*Data listing:*
↓
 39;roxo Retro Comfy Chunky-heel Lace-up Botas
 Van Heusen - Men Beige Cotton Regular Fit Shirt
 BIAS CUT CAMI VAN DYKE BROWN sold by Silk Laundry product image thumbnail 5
↑
↓
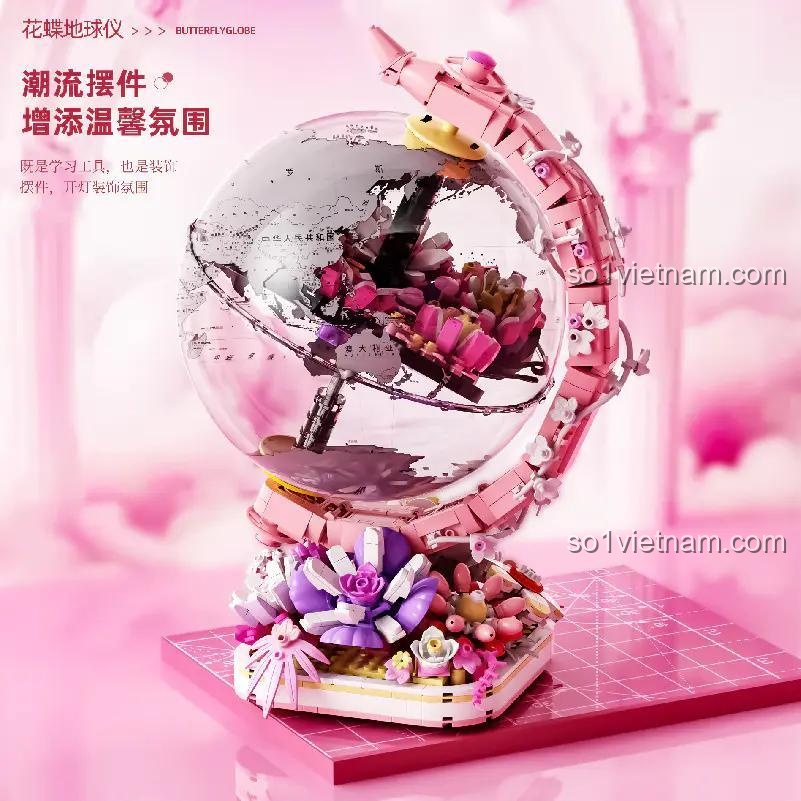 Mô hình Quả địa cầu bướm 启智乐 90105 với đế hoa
↑
*Directions for this task:*
Where the listing above reaches the line that contains "39;roxo Retro Comfy", start retyping, and finish with the line that contains "BIAS CUT CAMI"; reproduce those lines exactly and no others.

*Expected answer:*
 39;roxo Retro Comfy Chunky-heel Lace-up Botas
 Van Heusen - Men Beige Cotton Regular Fit Shirt
 BIAS CUT CAMI VAN DYKE BROWN sold by Silk Laundry product image thumbnail 5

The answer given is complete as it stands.